Nay Pyi Daw excellent but empty network of highways

Nay Pyi Daw has now been for over a decade the new capital city of Myanmar. Although the city benefited of generous investments from the former military government and has the best infrastructure so far in the country, the city is one of the least visited place in the country- except for travellers dealing with Myanmar ministries.

In 2015, 1.2 million travellers arrived via Yangon, compared to just 13,800 in the capital, according to figures from the Ministry of Hotels and Tourism.

The hosting of the ASEAN Travel Forum in 2015 was seen as the opportunity to show the world that the capital was slowly -but surely- becoming an attractive destination. Although organisation, hotels and the convention venue worked pretty well, the capital failed to impress the thousand of ATF delegates. The capital looked rather empty, there was no life to be seen in the street of the city supposedly populated with a million inhabitants…

A new government has since taken over from military but the problem about Nay Pyi Daw image remains. A recent report from the Myanmar Times told that the current government recently announced a series of initiatives to help draw tourists to the capital, especially to lure foreign travellers to organize MICE events and conferences.
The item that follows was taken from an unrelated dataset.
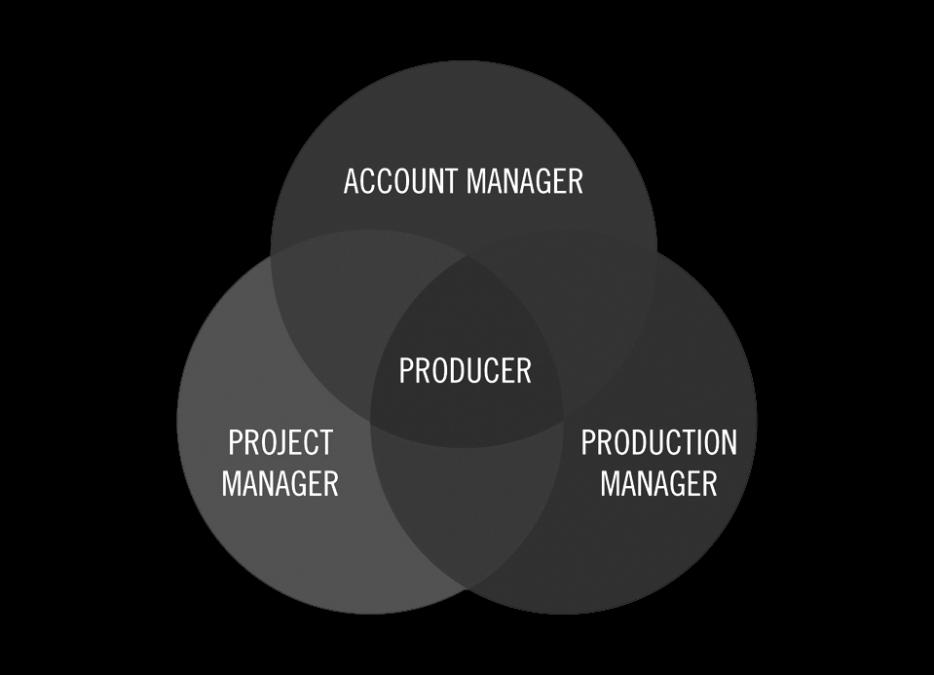 Venn diagram of account manager, project manager, production manager, and producer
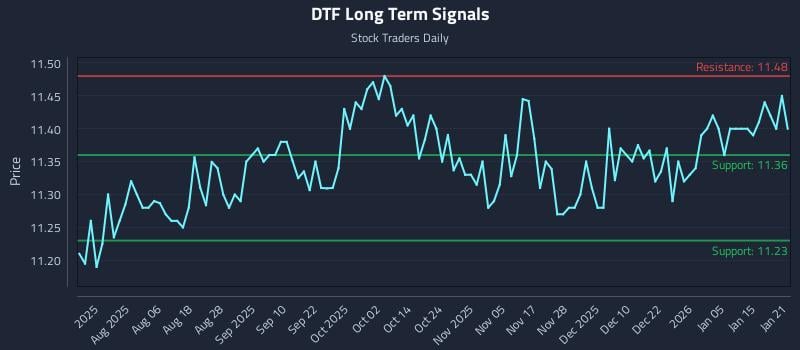 DTF Long Term Analysis for January 22 2026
At a press conference in the capital on September 28,  U Tint Thwin, director general at the Ministry of Hotels and Tourism, explained that Nay Pyi Taw had a lot to offer, reported the Myanmar Times. A marketing team will be set up to boost efforts to promote the capital as a location for MICE. “International tourists can come to attend a meeting and then they can visit the rest of Myanmar,” said U Tint Thwin. Lcoal tours to some of the facilities such as the parliament are now possible since the government of Aung Saan Suu Kyi took over power.

They are some advantages to come to Nay Pyi Daw. The city has a high number of hotels including luxury accommodation such as Hilton, Kempinski and Parkroyal. Most are underused and offer excellent deals compared to their counterparts in Mandalay or Yangon.

Speaking at last week’s press event, Daw Khin San Win, deputy director general from the directorate of Hotels and Tourism, told the good news : “Now hotels are reducing their room prices competitively, without needing to be urged by us,” she said, adding that the average price of rooms had dropped by about 20 percent. There are more than 50 hotels with over 5000 rooms, she said.

But more than just hotels and good roads, Nay Pyi Daw should now work to bring life to the town. As soon as offices close, the city gets empty as residential areas are segregated from the hotel zone and the shopping zone. Some restaurants are opened at night but nothing to feel excited about. There was a deliberated position from the government before to have no schools or universities in the hotels or administration zones to avoid confrontation or demonstrations. To the price of a dead-looking city.

It will certainly take time now to bring life to the capital. But this is possible. Shows, late-opening shops, a cultural centre with weekly events could make the city worth visiting for two or three days. And best, is promoting the fact that many historical sightseeing are available 15 minutes away from town. They are old temples, ancient cities, villages with traditional communities living. And if this is not enough, Mandalay is two hours and  a half away by highway from the capital…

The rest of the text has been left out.